A group of editors in Sri Lanka also sent a letter to Cameron urging him to stop proposed newspaper regulations. The group called Britain's reputation a "shining example to be followed" and said the minister should not underestimate the concern from Sri Lanka, a country which just held the Commonwealth summit and has been accused of intimidating journalists and restricting freedom of speech.
“It is rather difficult for the United Kingdom to lecture Sri Lanka and others about their press freedom record when its own actions result in such widespread international condemnation,” said Vincent Peyrègne, chief executive of the Paris-based World Association of Newspapers and News Publishers.
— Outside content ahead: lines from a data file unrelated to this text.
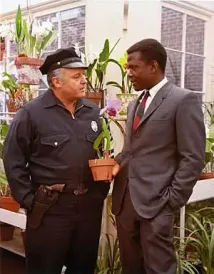 Sidney Poitier - V žáru noci (1967), Obrázek #7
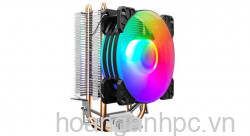 Tản nhiệt khí CPU Coolmoon Frost P2 Streamer Edition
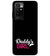 U0052-Daddy's Girl Back Cover for Xiaomi Redmi Note 11 4G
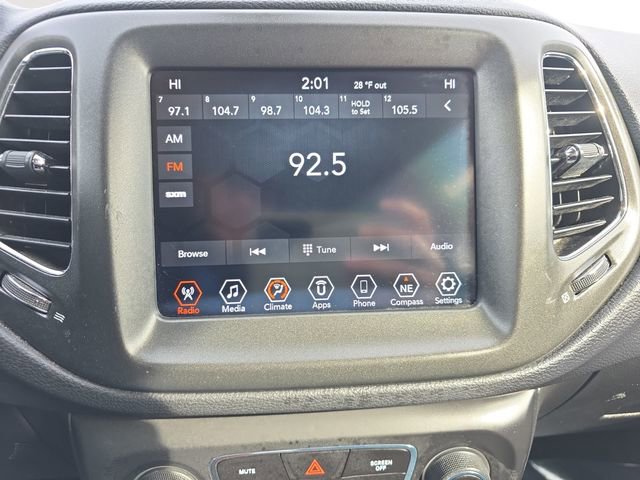 Used 2019 Jeep Compass Trailhawk image 23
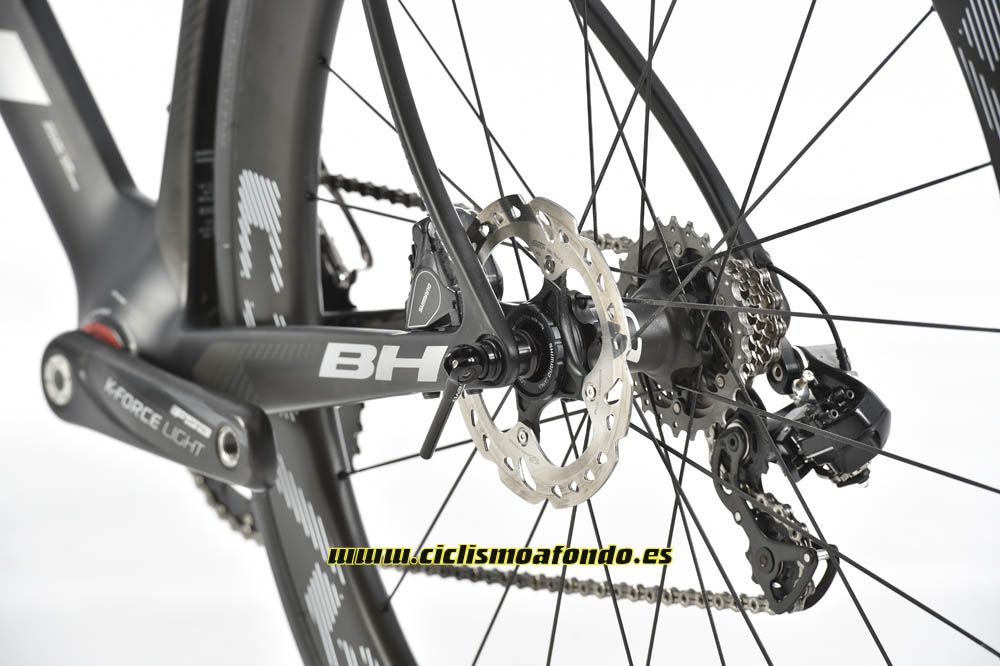 Prueba: BH G7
The association announced on Nov. 8 that it will send a top-level press freedom mission to UK in January in response to the British government actions. An international delegation with publishers and editors from five continents will examine concerns about the government's condemnation of the Guardian's reporting.
The World Association of Newspapers and News Publishers has never before sent a press freedom mission to the UK. The organization, which represents more than 18,000 publications in more than 120 countries, has previously conducted press freedom missions to countries such as Ethiopia, South Africa, Libya, Mexico, Ukraine and Myanmar.
By Julia Lugon.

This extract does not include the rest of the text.